Source code for cntk.contrib.deeprl.agent.shared.customized_models

# Copyright (c) Microsoft. All rights reserved.

# Licensed under the MIT license. See LICENSE.md file in the project root
# for full license information.
# ==============================================================================
"""Customized Q function or (unnormalized) log of policy function.

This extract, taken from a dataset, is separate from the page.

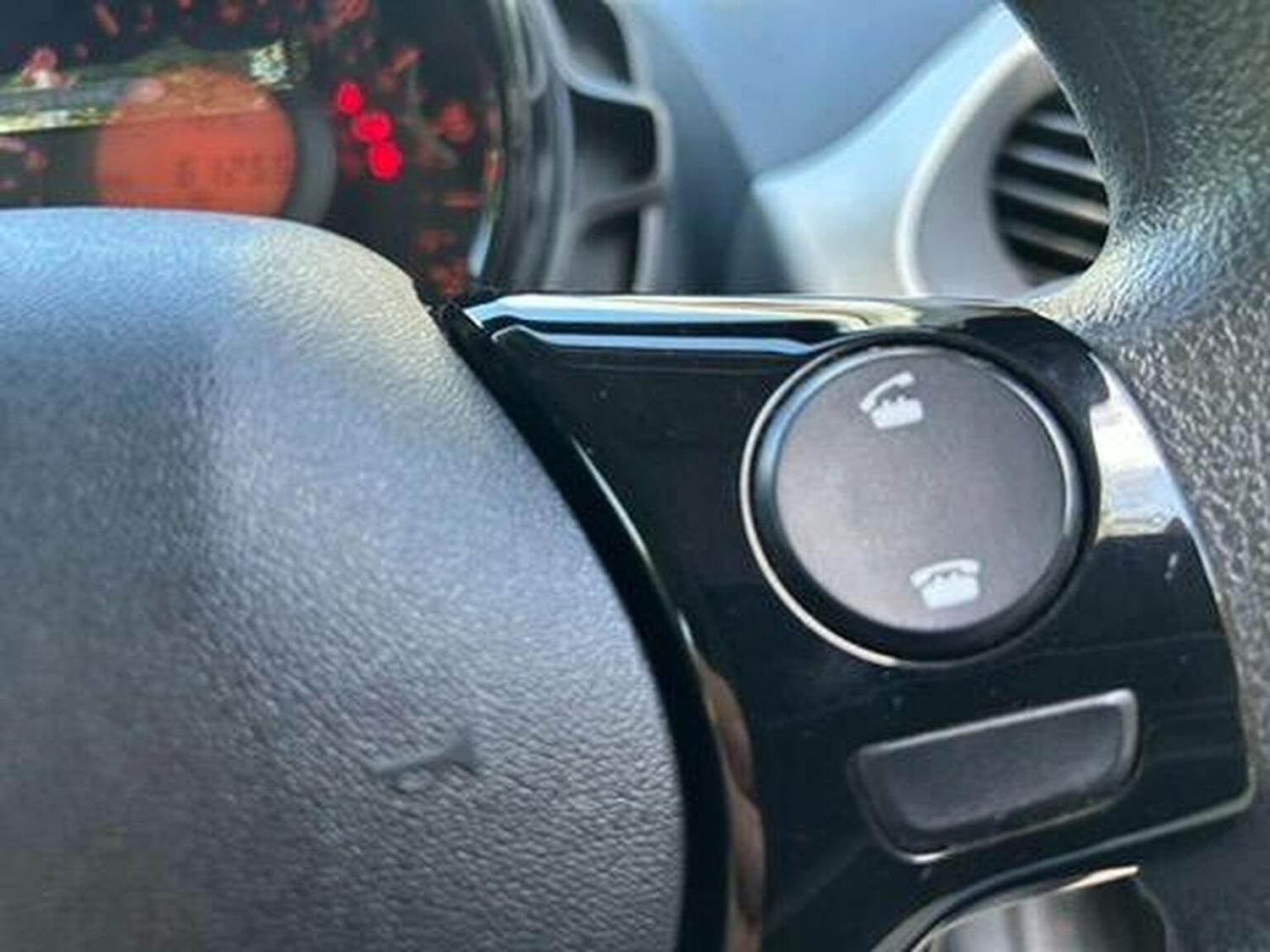 Used Peugeot 108 2015 for sale - 78201989: Photo 22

If models from cntk.contrib.deeprl.agent.shared.models are not adequate, write
your own model as a function, which takes two required arguments
'shape_of_inputs', 'number_of_outputs', and two optional arguments
'loss_function', 'use_placeholder_for_input', and outputs a dictionary
containing 'inputs', 'outputs', 'f' and 'loss'. In the config file, set
QRepresentation or PolicyRepresentation to path (module_name.function_name) of
the function. QLearning/PolicyGradient will then automatically search for it.
"""

import cntk as C
import numpy as np


[docs]def conv_dqn(shape_of_inputs,
             number_of_outputs,
             loss_function=None,
             use_placeholder_for_input=False):
    """Example convolutional neural network for approximating the Q value function.

    This is the model used in the original DQN paper
    https://storage.googleapis.com/deepmind-data/assets/papers/DeepMindNature14236Paper.pdf.

    Args:
        shape_of_inputs: tuple of array (input) dimensions.
        number_of_outputs: dimension of output, equals the number of
            possible actions.
        loss_function: if not specified, use squared loss by default.
        use_placeholder_for_input: if true, inputs have to be replaced
            later with actual input_variable.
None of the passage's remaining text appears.